I think what I'm getting at might not be clear though - I'm not proposing a new format (I've seen enough of that on RHDN etc. over the years) but more just of a mental exercise. Like "how feasible is this" and then "what would the solution look like maybe?".
Well in my opinion as someone who is totally unqualified to comment on the subject, the ideal patching format would have a set of flags to operate on the rom (when moving existing data around) and to write to the rom (when overwriting) embedded in the patch with the data. Or maybe just a set of commands in one patch subfile, and the data to write in the other subfiles.

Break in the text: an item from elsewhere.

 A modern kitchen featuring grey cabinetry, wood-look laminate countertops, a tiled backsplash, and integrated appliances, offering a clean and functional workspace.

I'm not sure how you'd generate patches in a non-involved way though. It would be a programmers tool, the romhacking equivalent to esoteric bash utilities with their own built-in scripting languages. Obviously the tool to write the patch to a rom should be as non-technical-user friendly as possible.
List of commands might be:
* move(start address inclusive, number of bytes)

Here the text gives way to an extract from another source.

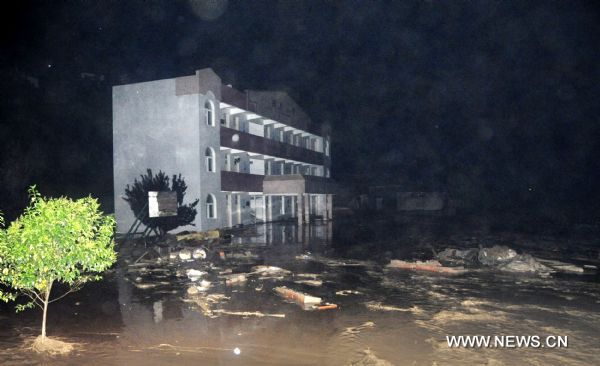 The photo taken late Aug. 12, 2010 shows a school submerged by flood at Jiuguan Village of Wenxian County, northwest China's Gansu Province. Five villages of Wenxian County encountered with landslides triggered by continuous heavy rains, with no casaulties but nine residential houses, two roads and parts of power networks damaged. (Xinhua/Liu Eryin)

* move(start address inclusive, end address exclusive) //end address being exclusive seems to be the standard, but I don't like it.
* write(address, byte array identifier)
* delete(start address inclusive, number of bytes)
* delete(Start address inclusive, end address exclusive)
I think the thought was prompted by some of the comments I saw after my T-Edition patch went out, combined with my experiences after releasing the Mother 3 patch in UPS. I basically learned that 1. some people LOVE the IPS format, 2. some people will ONLY use the IPS format (they get confused and frustrated otherwise for some reason), and 3. some people expect the IPS format to just always work without understanding that it has technical limitations. Hopefully that makes sense.
Simplest solution is to find an open-source licensed GUI patching tool for the format you choose and distribute that with your patch.